The Earthview prided itself on having a human staff, no robots in sight. Pancho always felt that a truly top-rate restaurant should use tablecloths, but the Earthview used glittering placemats made of lunar honeycomb metal, thin and supple as silk.

None of them had changed clothes for dinner. Fuchs was still wearing his gray suit, Amanda her turquoise knee-length dress. Pancho, who favored coveralls and softboots, had started the day in a business outfit of chocolate-brown slacks, pale yellow sweater, and light tan suede vest. Amanda had loaned her a light auburn Irish lace stole to “dress up your outfit.”

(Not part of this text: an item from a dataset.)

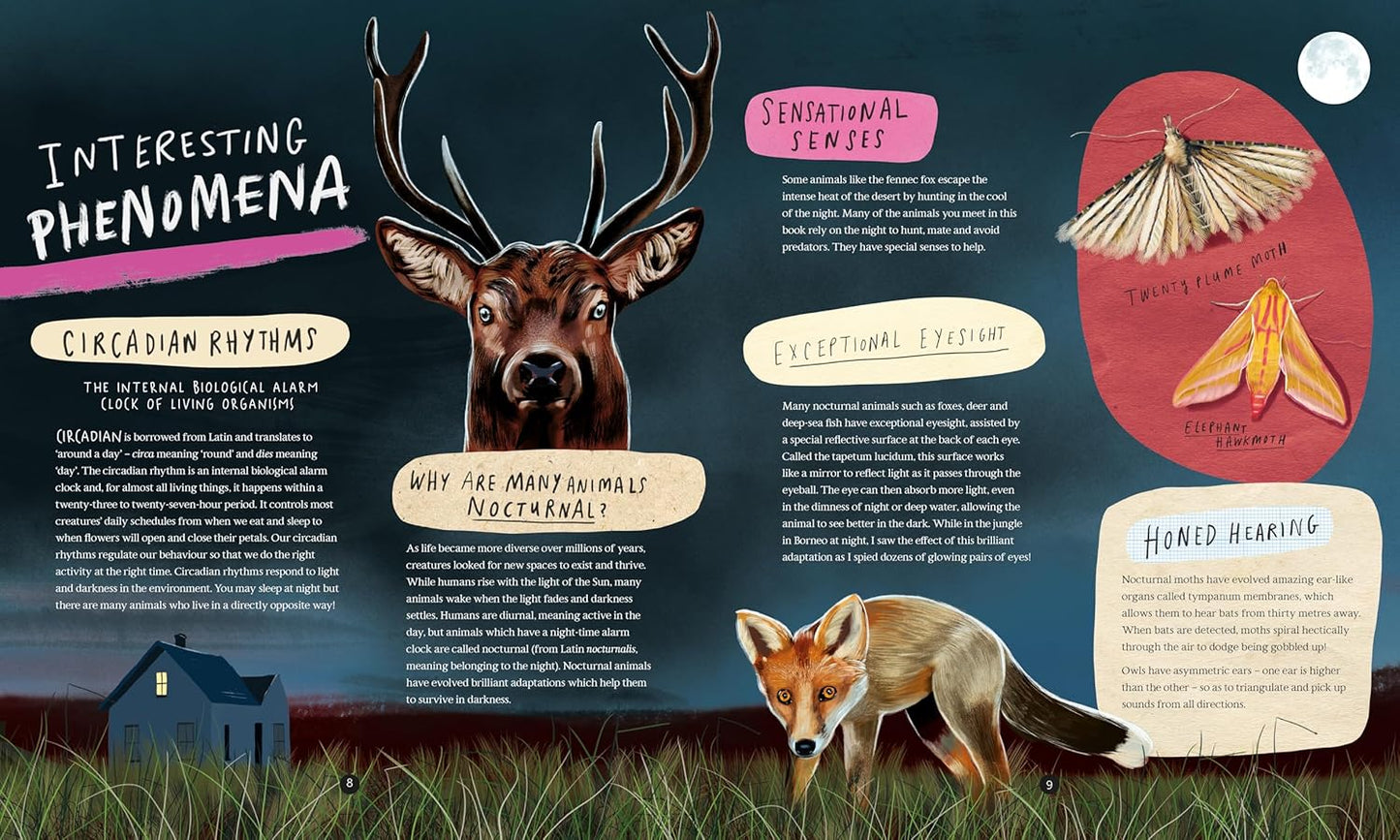 A Wild Child's Guide to Nature at Night: The perfect gift book for young nature lovers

Once their handsome young waiter had brought their drinks and taken their dinner order, an awkward silence fell over their table. They had agreed not to talk business. What other topic of conversation was there?

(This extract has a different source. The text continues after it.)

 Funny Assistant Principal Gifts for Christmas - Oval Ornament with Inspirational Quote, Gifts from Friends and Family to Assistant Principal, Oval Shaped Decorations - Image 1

Pancho sipped at her margarita and watched the waiter’s retreating back. Nice buns, she thought. Wonder if he’s married?

“So what have you been doing lately, Pancho?” Amanda finally said, more to break the silence than any other reason.

“Me? I’m followin’ up on something Dan Randolph talked about years ago: scoopin’ fusion fuels from Jupiter.”

Fuchs’s ears perked up. “Fusion fuels?”

“Yeah. You know, helium-three, tritium, other isotopes. Jupiter’s atmosphere is full of ’em.”

“That’s a steep gravity well,” said Amanda.

“Tell me about it,” Pancho said. “You know I’ve been approached by some nuts who want to go skimmin’ Jupiter’s atmosphere as a stunt? They even brought a network producer with ’em.”

“Insanity,” Fuchs muttered.

“Yeah, sure.” Pancho pronounced the word shore. “But then there’s a gaggle of scientists who wanta set up a research station in orbit around Jupiter. Study the moons and all.”

“But the radiation,” Amanda said.

“Tight orbit, underneath the Jovian Van Allen belts. Might be doable.”

“Astro would fund this?”

“Hell no!” Pancho blurted. “Universities gotta come up with the funding. We’ll build the sucker.”

“And use it as a platform for mining Jupiter’s atmosphere,” Amanda added.

Pancho smiled at her. Sometimes I forget how smart she is, Pancho thought. I let her sweet face and nice boobs fool me.